Irish watchdog’s case against Facebook to be heard in Europe’s highest court
Data Protection Commissioner action could have major impact on firm’s business model
Max Schrems, Austrian privacy activist. Photograph: Joe Klamar/AFP/Getty Images
But this time Schrems is no longer the complainant but sees himself as a defendant, alongside the social media company, in a high-profile case taken by Ireland’s Data Protection Commissioner (DPC).
The DPC case, which arrives in Luxembourg after stops in the State’s commercial and supreme courts, will examine whether Facebook data transfers to the US meet EU privacy standards, and whether the Irish authority is legally entitled to adjudicate on such matters.
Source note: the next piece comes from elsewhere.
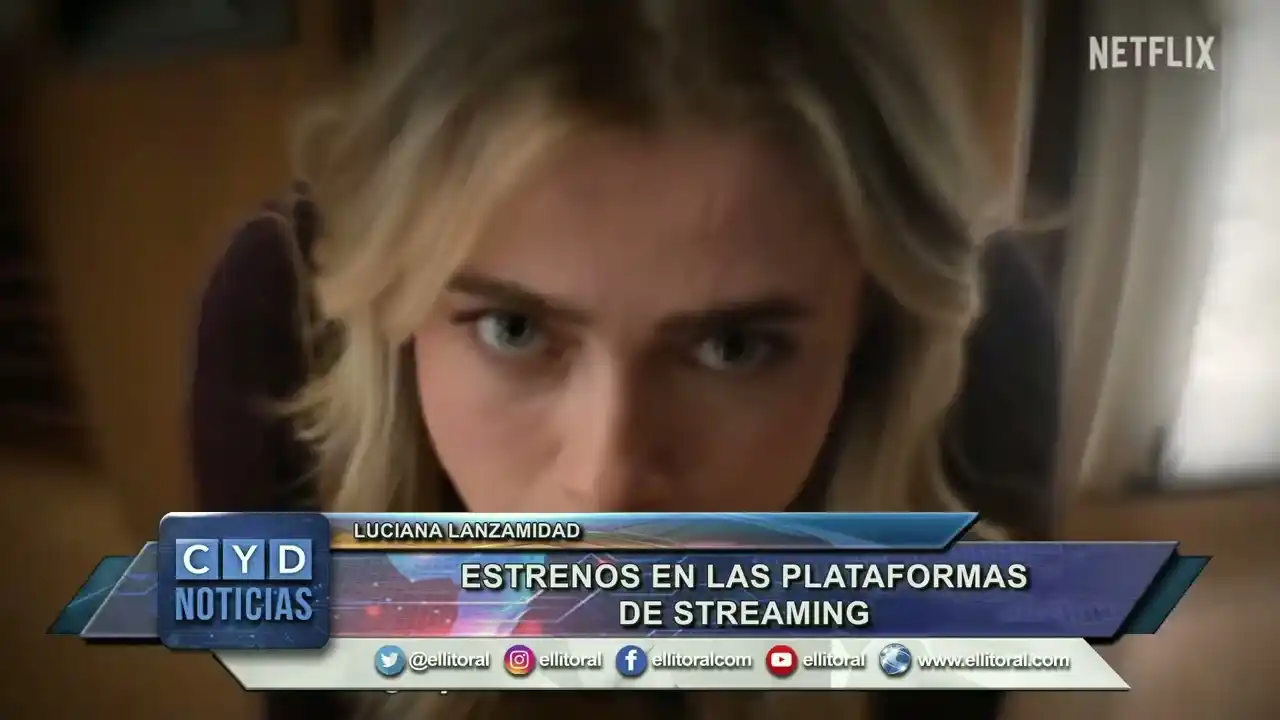 Cartelera de cine en la ciudad de Santa Fe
Any ruling could have a profound impact on Facebook’s business model in Europe and Ireland’s reputation both as a tech hub and regulator of the industry.
In 2013, Mr Schrems, then a Viennese law student, filed a complaint with the DPC that Facebook’s EU subsidiary in Dublin was collecting more data from European users than permitted by EU privacy law.
He broadened his complaint after claims by Edward Snowden that US intelligence had secured back-door access to Facebook user data. After the DPC declined to examine the complaint, Mr Schrems took a High Court case, which, in turn, sought clarification from the European Court of Justice (CJEU) in Luxembourg.
In a landmark 2015 decision, the CJEU dismissed the European Commission’s “Safe Harbour” data transfer arrangements with the US and ordered that the DPC investigate the Schrems complaint.
After the ruling, the DPC revealed that Facebook did not use Safe Harbour for data transfers but another channel, known as standard contractual clauses (SCC).
Mr Schrems modified his complaint to include SCCs and the DPC began an investigation into whether this allowed mass processing by US intelligence of EU citizens’ data on Facebook servers.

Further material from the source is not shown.